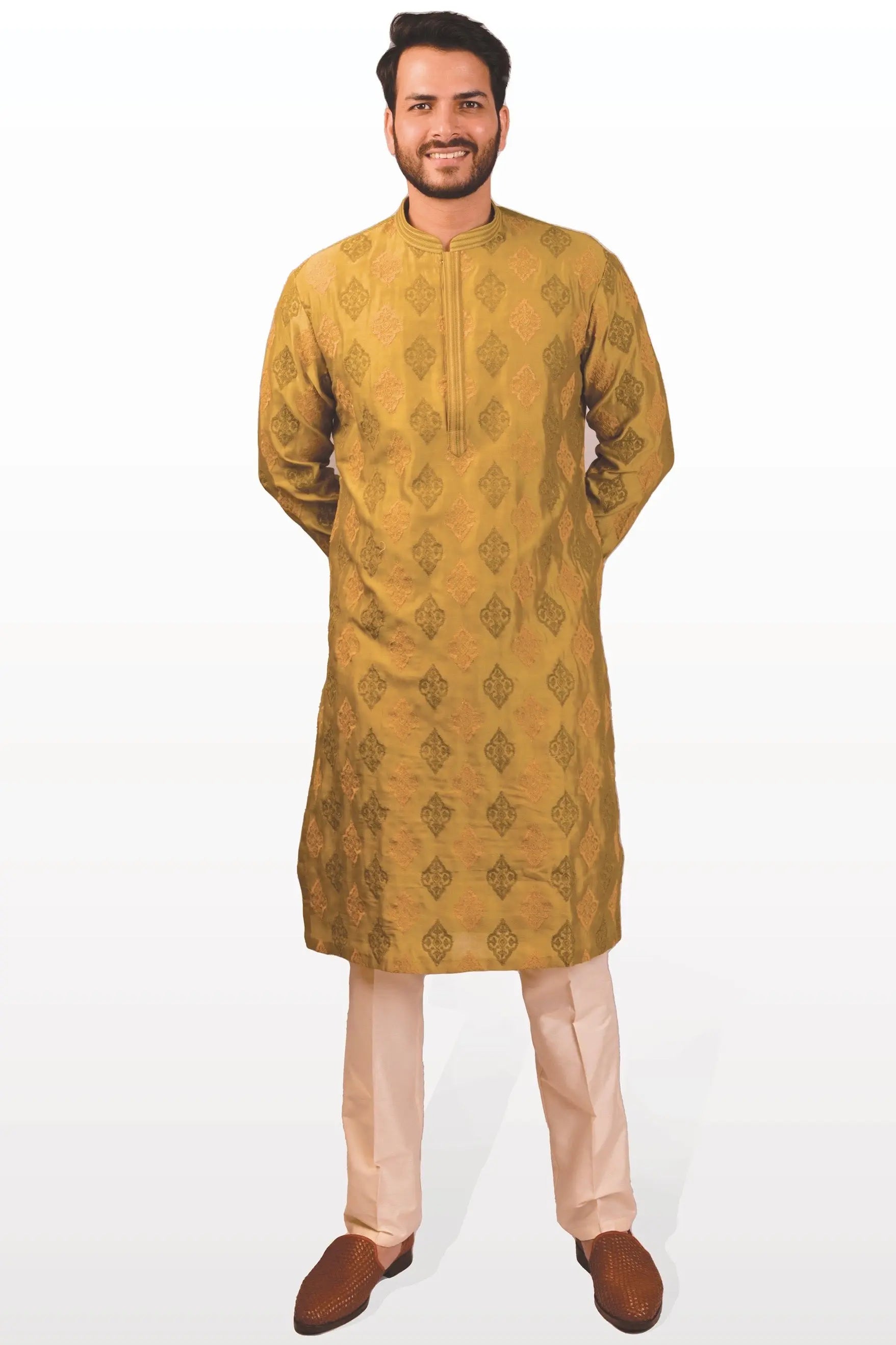 Olive Green Chanderi Silk Embroidered Kurta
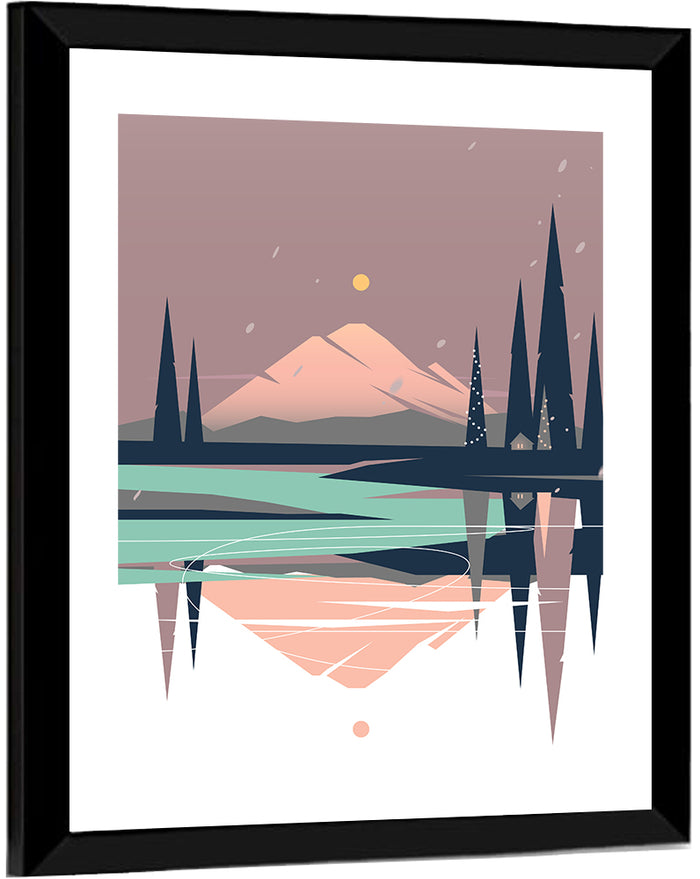 Dusk Mountain Lake Reflection Wall Art as a framed print
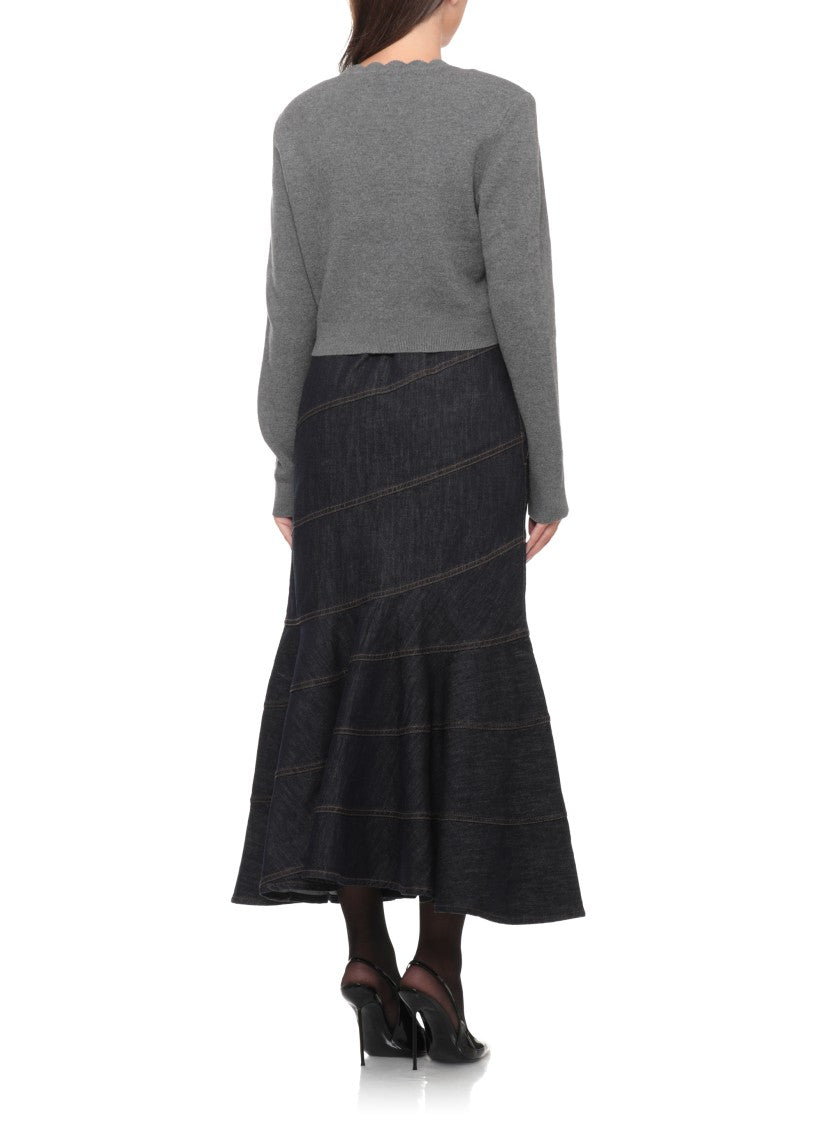 Self-Portrait Cropped Knit Cardigan With Floral Appliqués And Padded Shoulders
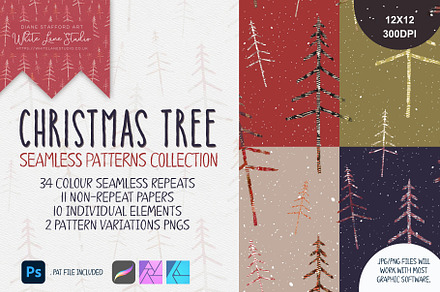 Christmas Tree Seamless Patterns
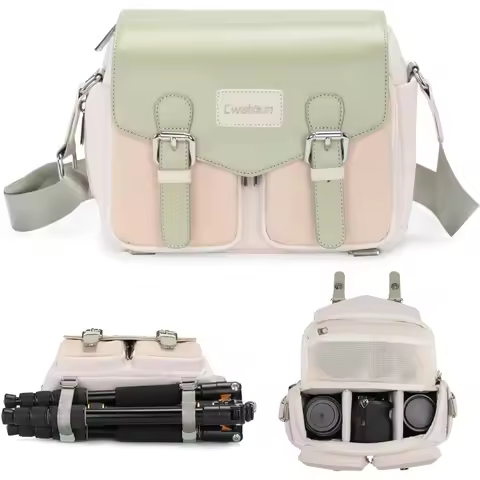Cwatcun camera messenger bag, waterproof flip cover camera shoulder tripod, travel photography bag F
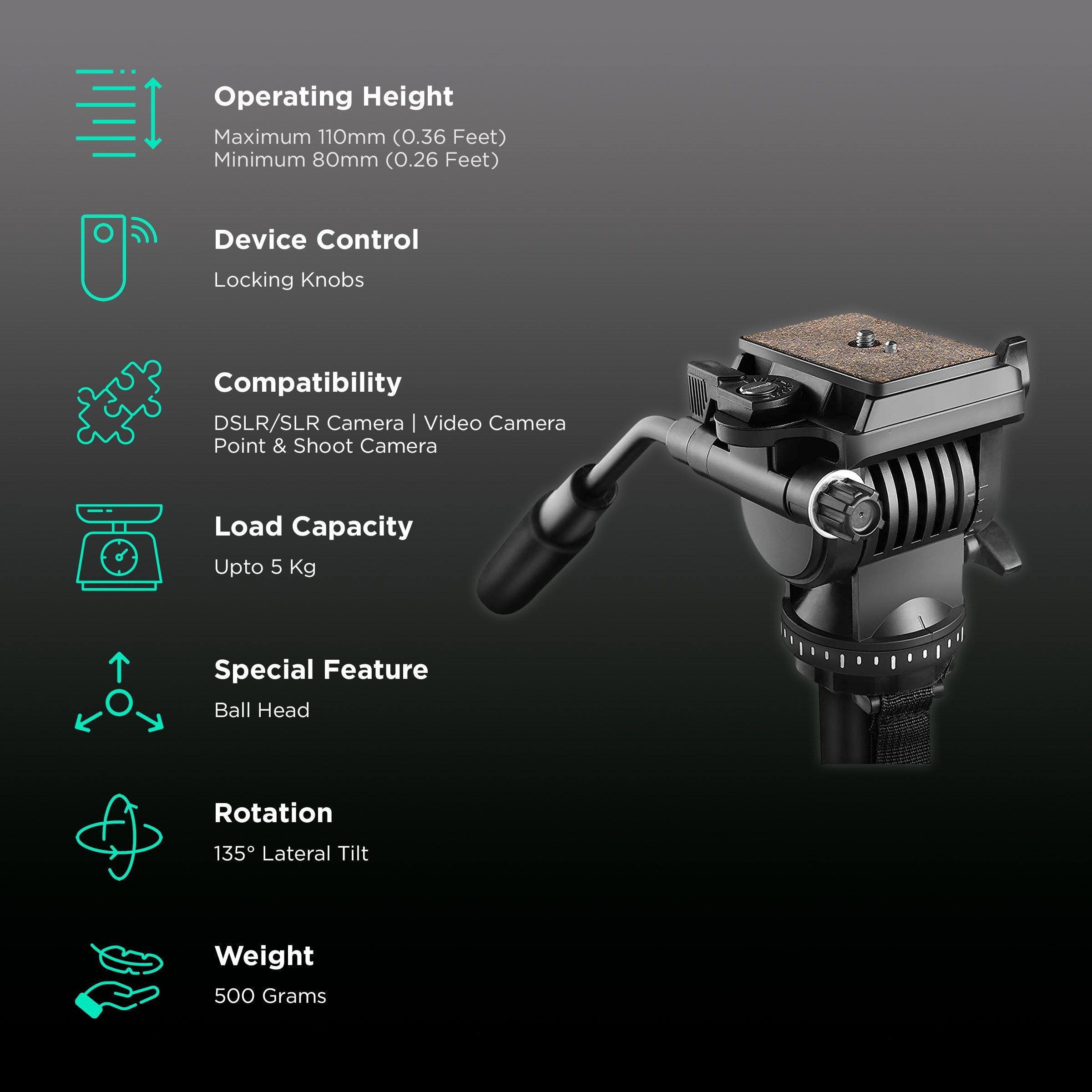 DigiTek DVH 001 PRO Tripod Mount for Camera (360 Degree Locking Knob, Black)_2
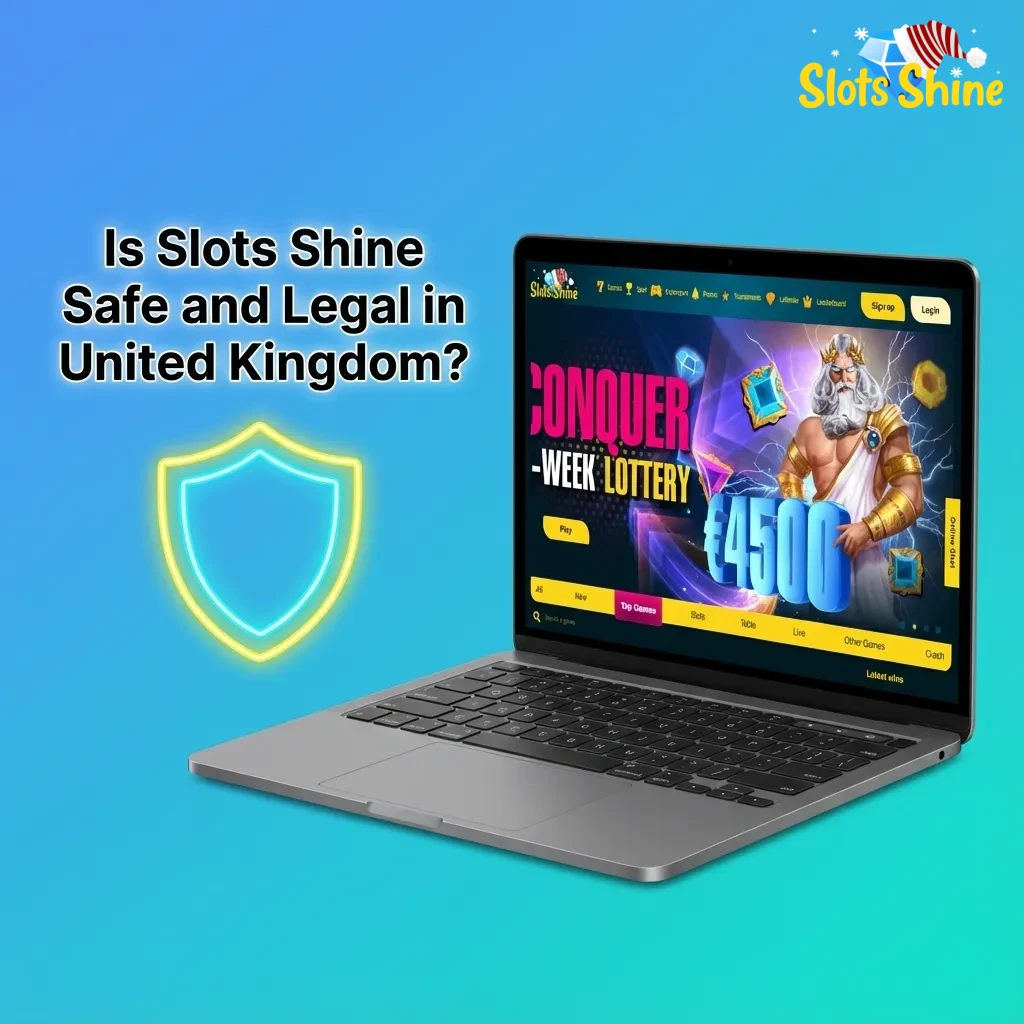 Illustration of Slots Shine website with UK legal badge, encryption lock, and responsible gaming icons indicating safety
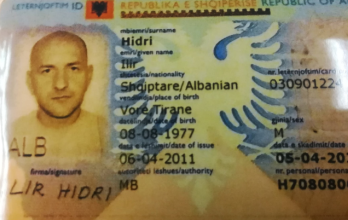 El pasaporte del albanés Hidri Ilir, al que EXTRA tuvo acceso.
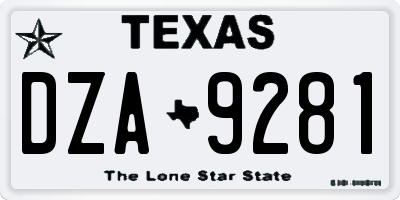 TX license plate DZA9281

....................

▶ PROBLEM STATEMENT
Copy exactly the lines from the line holding "Dusk Mountain Lake" to the final line of the listing, and leave the pictures out.

▶ ANSWER TO THE EXERCISE
 Dusk Mountain Lake Reflection Wall Art as a framed print
 Self-Portrait Cropped Knit Cardigan With Floral Appliqués And Padded Shoulders
 Christmas Tree Seamless Patterns
Cwatcun camera messenger bag, waterproof flip cover camera shoulder tripod, travel photography bag F
 DigiTek DVH 001 PRO Tripod Mount for Camera (360 Degree Locking Knob, Black)_2
 Illustration of Slots Shine website with UK legal badge, encryption lock, and responsible gaming icons indicating safety
 El pasaporte del albanés Hidri Ilir, al que EXTRA tuvo acceso.
 TX license plate DZA9281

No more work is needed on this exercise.